For the first several years of my marriage to his daughter, I'd sniffed at Radcliffe's overtures to introduce me to the pleasures of deer hunting. "Maybe with a video camera," I told him once, and he rolled his eyes at my sixties-influenced opinions. In fact, one year I did go out stalking with his VHS camera, an early-eighties model the size of a Gatling gun, and took some terribly indistinct footage of what seemed to be either a big buck or Big Foot. Then, out of the blue, I gave in. Was it pure curiosity? A desire to please? In truth, I had begun to feel guilty for not taking Radcliffe up on his offer. For here was a man with so much knowledge of the outdoors, the earth, of life itself to pass on. It wasn't his fault that two of his daughters had brought home Yankee writers instead of, more appropriately, flinty-eyed real Texans, the kind who own camouflage Suburbans and learned to shoot before they could crawl.
It had taken me a while to figure out how important deer hunting was in this family, in this whole part of the state, for that matter. Before Tracy and I were married, she'd informed me that Christmas would often be spent with her family in Laredo. No problema, I figured. Eat those sugary crispy buñuelos for breakfast, shop across the river in lieu of enduring mall madness, carol in Spanish. Feliz Navidad . Not being a hunter herself—she'd shot a buck when she was ten years old but was so disheartened by the experience that she never tried again—Tracy neglected to mention the deer thing. Christmas in South Texas, it turns out, is more about whitetails than reindeer. Deer hunting is a big deal all over Texas—last season some 420,000 whitetails were killed in the state—but in the brush country "buck fever" is truly a sickness. My wife's mother, normally a paragon of social graces, will abandon any family gathering to pursue the eighteen-pointer she's been tracking. All over Laredo people leave work early to head for their deer leases and blinds. The first question at Christmas parties isn't, "What'd Santa bring you?" It's, "Huntin' much?" Or, more typically, "Seen anything?"

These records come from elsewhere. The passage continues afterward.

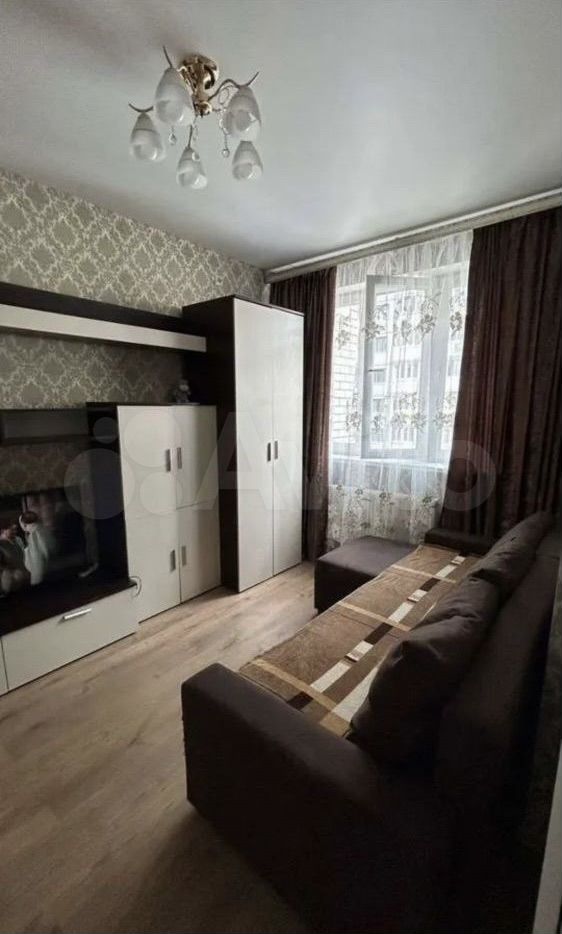 1-комн., 34.7 м², 9/16 этаж, ЖК «Выше» — фото 5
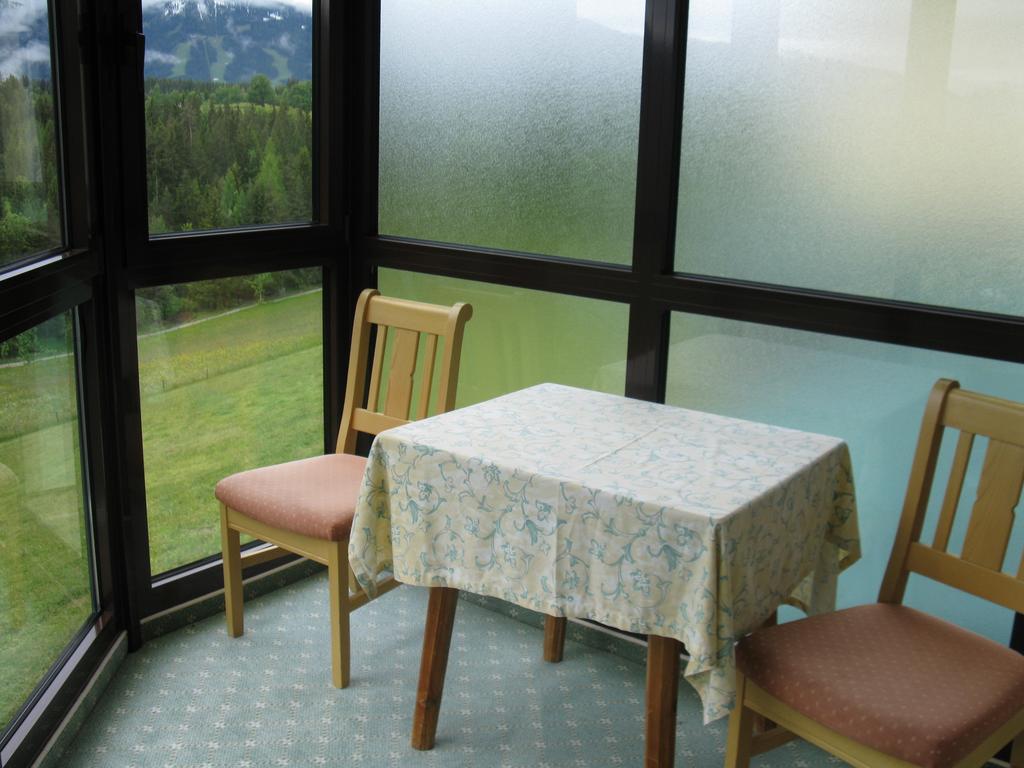 Hotel Martin Ramsau am Dachstein Dış mekan fotoğraf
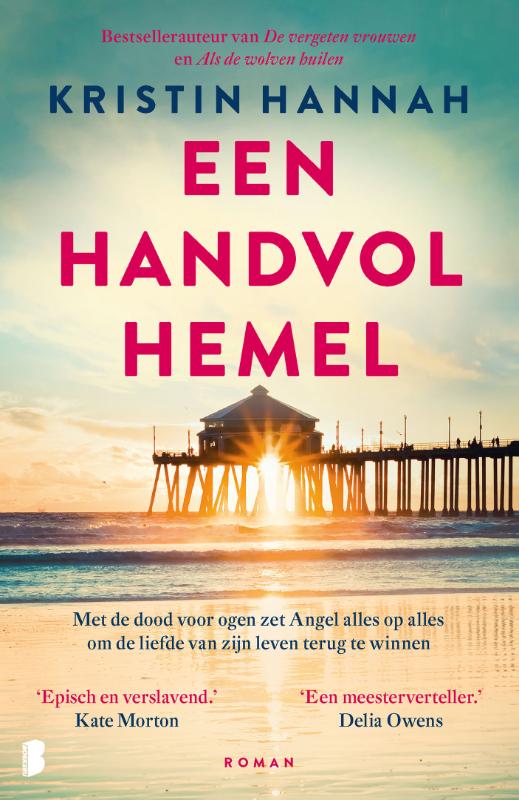 Omslag van Een handvol hemel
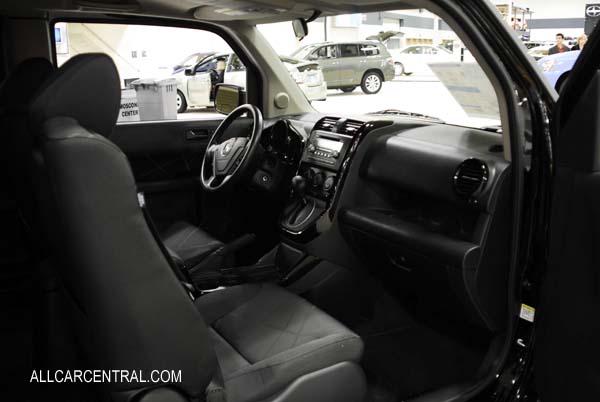 Honda Element SC 2009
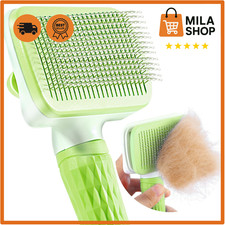 Haustierkämmer Bürste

One year there was word of considerable poaching on various ranches in the area, so state game wardens helped set up a sting operation. A faux trophy buck with a monstrous set of antlers was created, set in a field on private property, partly concealed in brush, then attached to a system of ropes and pulleys so that it could be moved or pulled down if it was shot at. Sure enough, on the second day, a young fellow stopped his truck, slipped through the fence, and fired. Down went the buck. As the man ran headlong toward his prey, he was apprehended by a game warden. "Okay, okay, you got me," he said breathlessly, "but just let me see my deer."
I took a couple of deep breaths and tried to hold the crosshairs steady, but they kept flopping around uncontrollably. Then Radcliffe demonstrated how to use the gun strap as a brace. Much better. The blue target was relatively calm in the scope. "Squeeze the trigger. Don't pull," Radcliffe said.
I squeezed. Nothing happened. Perhaps I was taking the squeeze thing too literally, I thought. I squeezed again and sneaked in the slightest suggestion of pull. Something big happened. Lulled by the thousand harmless TV gunfights I'd watched, I was shocked by the power, the kick, the crack of the real thing. Guns stop time. Guns change the world. One moment there is silence, the next there is a break in the space-time continuum, a hole in the universe. Or at least, I hoped, in one blue 55-gallon barrel.
Radcliffe looked through his binoculars. "Dead center!" he cried. "Now try for one of the cans."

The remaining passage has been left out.